El origen de esta crisis de estado hay que localizarla el 2016 y la revocatoria ciudadana. En ese momento quedó instalada la certeza de que el conjunto de la sociedad nacional había decidido cambiar de “modelo” y restituir los parámetros de una democracia liberal lejos de los espejismos de un socialismo fracasado, y, sobre todo, de una racialización progresiva de la política designada coloquialmente como una posición “pachamamista”. El 21F marca el quiebre de un ciclo estatal que se había iniciado en 1952 basado en las pulsiones y fuerzas que emergían de los sectores más empobrecidos y marginados de la sociedad boliviana, (campesinos, migrantes, clases medias empobrecidas, informales, etc.) y la emergencia de un nuevo sujeto histórico nacido “de las entrañas” del proceso de cambio: la ciudadanía activa que alcanzaría su máximo nivel de desarrollo político el 2019 cuando logró pacíficamente el alejamiento del caudillo.
No se trata en consecuencia de una situación definida por factores coyunturales (como la fecha del censo) se trata de un momento en que la sociedad boliviana no encuentra un derrotero que constituya una solución de continuidad después del cierre de un proceso iniciado a mediados del siglo pasado, cuando la Revolución Nacional instaló la modernidad capitalista en aquella nación oligárquica semifeudal.
Lo mismo expresa la crisis interna del MAS. En ella más allá de sus protagonistas son las visiones de país que representan.
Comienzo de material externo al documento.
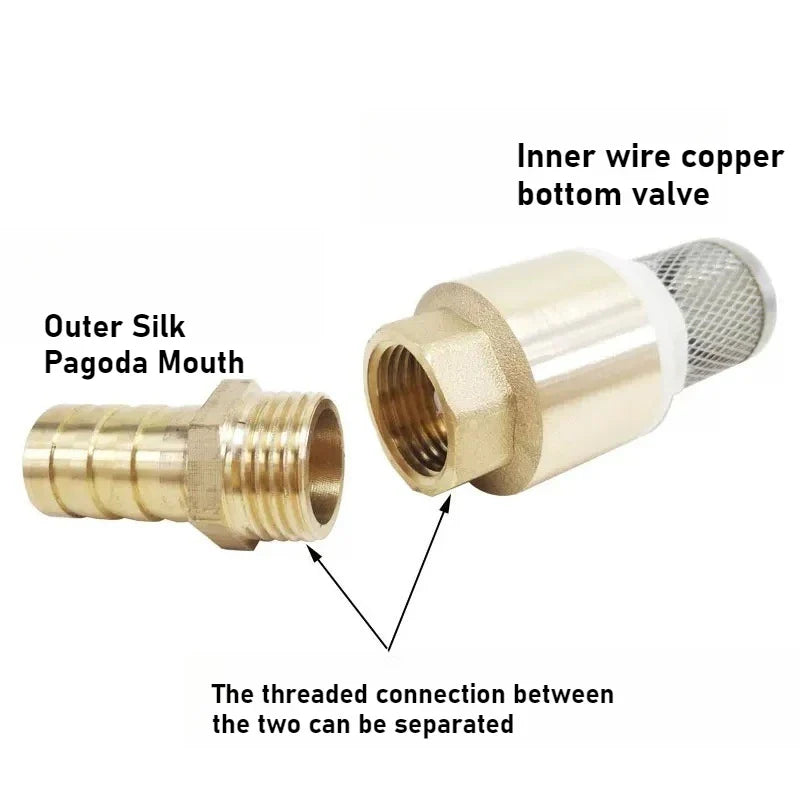 Copper Bottom Valve Filter Screen Anti-Backflow Check Valve
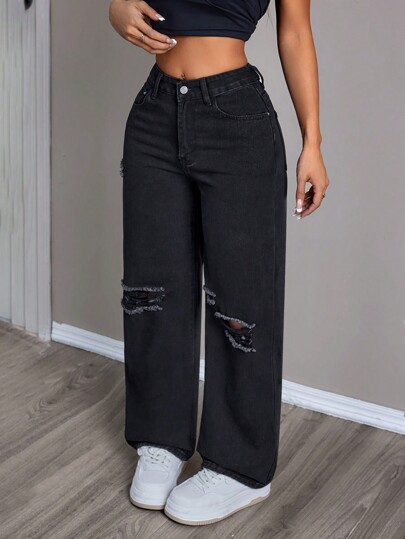 SHEIN PETITE Women Loose Wide Leg Casual Jeans With Pockets And Distressed Details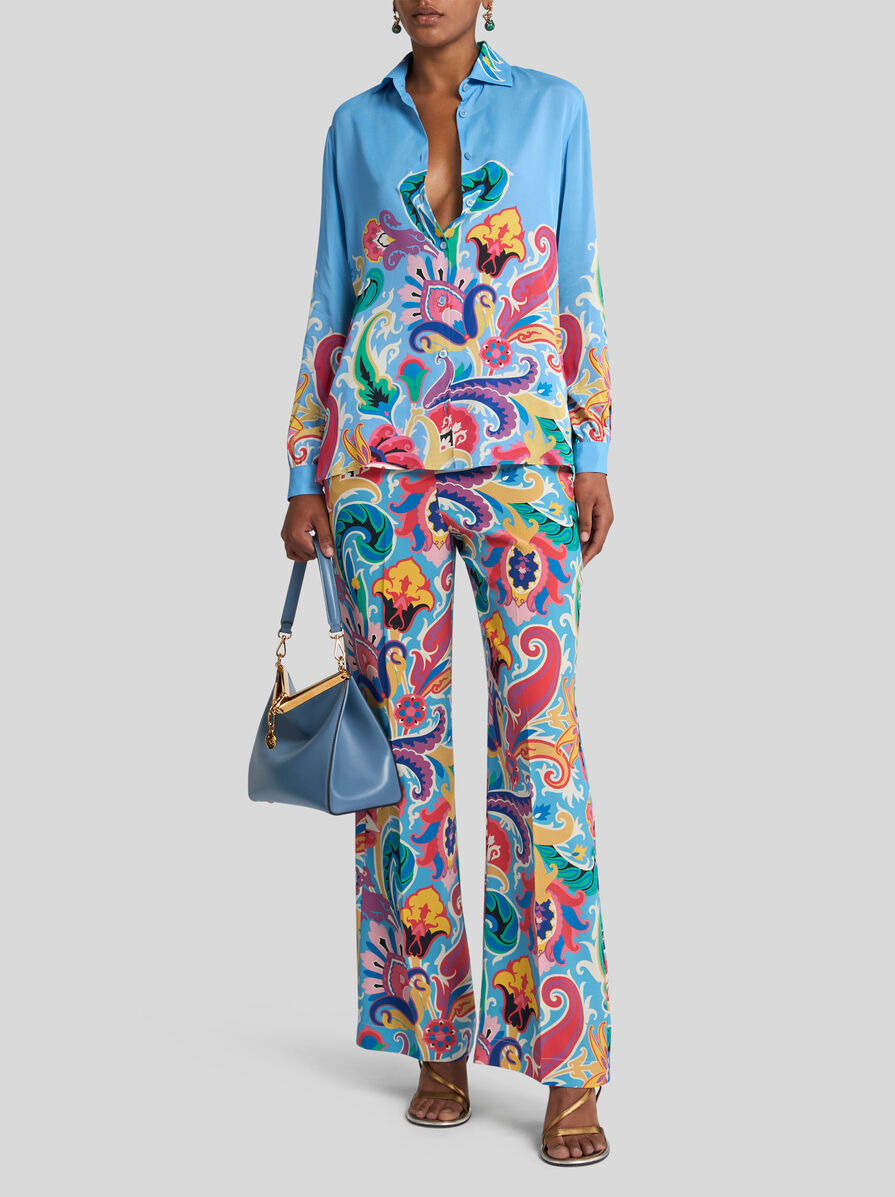 SILK TROUSERS WITH FLORAL PRINT - 4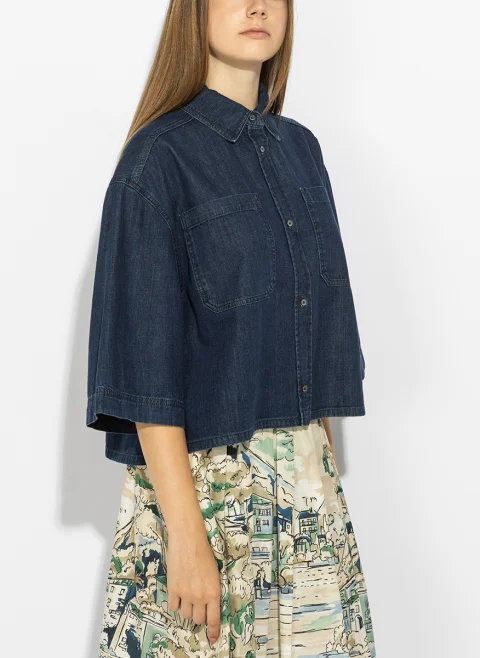 Риза от деним Weekend Max Mara Wkdzannata — снимка 11
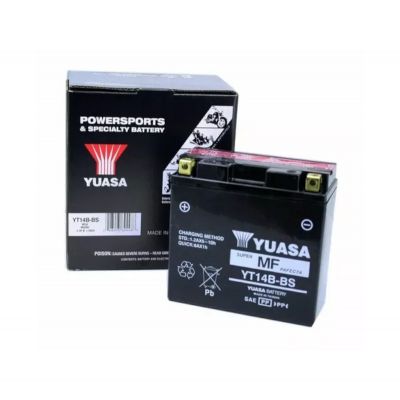 YUASA BATTERIA YT14B 12 Volt 12 Ampere senza manutenzione pre attivata sigillata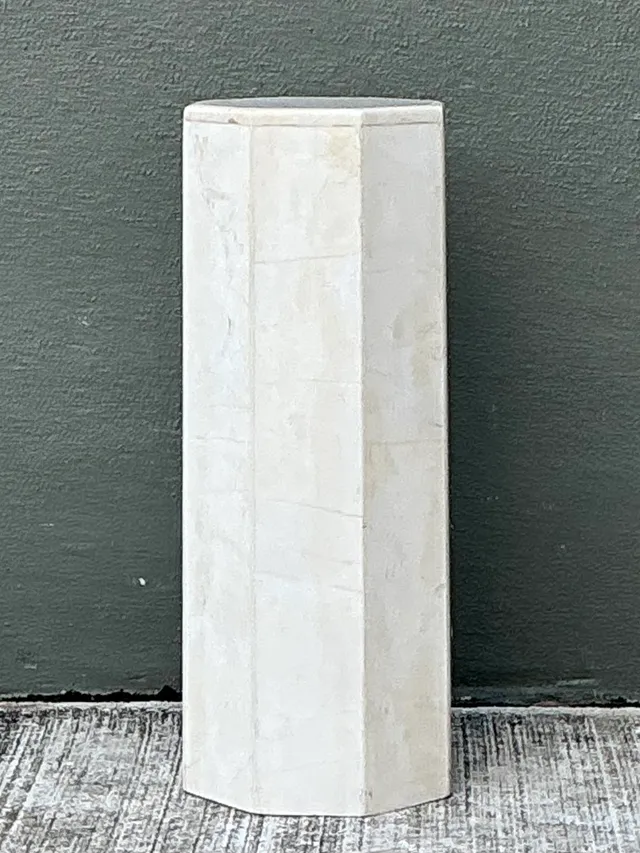 Vintage Small White Marble Hexagonal Pedestal — additional photo 6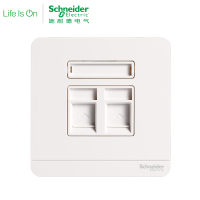 施耐德电气（Schneider Electric）开关插座 电话+电脑插座 电脑电话插座 绎尚镜瓷白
Morales la obsoleta lectura de una nación construida sobre los escombros del socialismo fracasado, Choquehuanca el “pachamamismo” mítico que la historia rebasó hace mucho, y Arce una visión intermedia, ecléctica pero fuertemente ligada a un liberalismo popular, las tres tienen en común considerar que “las bases populares” le transfieren poder y legitimidad, cuando en realidad el propio desarrollo de las fuerzas productivas de tipo capitalista hace al menos dos décadas que impusieron un nuevo actor del que emergen todas las posibilidades de desarrollo del país; los ciudadanos.
En gran medida las tensiones que sacuden el país se nos presentan confusas porque son la expresión de los remanentes de una época en que todos comprendían o intuían que la nación se movía en el escenario de la modernidad capitalista con todas sus desventajas y ventajas. Hoy las consecuencias de 16 años de aparentar un modelo societal de corte indigenista que nunca logró cuajar en la ciudadanía, han aflorado en busca de un sustituto que le dé al ciudadano la posibilidad de sentirse representado en el Estado, es en el fondo la expresión de una crisis de representatividad, representatividad que el MAS secuestró bajo la etiqueta de una nación indígena hegemónica que terminó más racista y excluyente que los modelos estatales que lo precedieron.
Vivimos sin duda a un momento en que las visiones que cobijaba el MAS han colisionado con la conciencia democrática ciudadana fuertemente encriptada en la visión del capitalismo maduro y de la modernidad triunfante en el mundo occidental. No es solo la urgencia de actualizar las cifras que da un censo, de depurar la mañosa ingeniería del fraude agazapada en el Tribunal Electoral o de restituir la imagen del caudillo frente a sus naturales oponentes, es en realidad una compulsa de visiones de país, de modelos de desarrollo y, sobre todo, de la restitución de un horizonte democrático en que los sujetos de primera línea son los ciudadanos de a pie más allá de cualquier otra característica.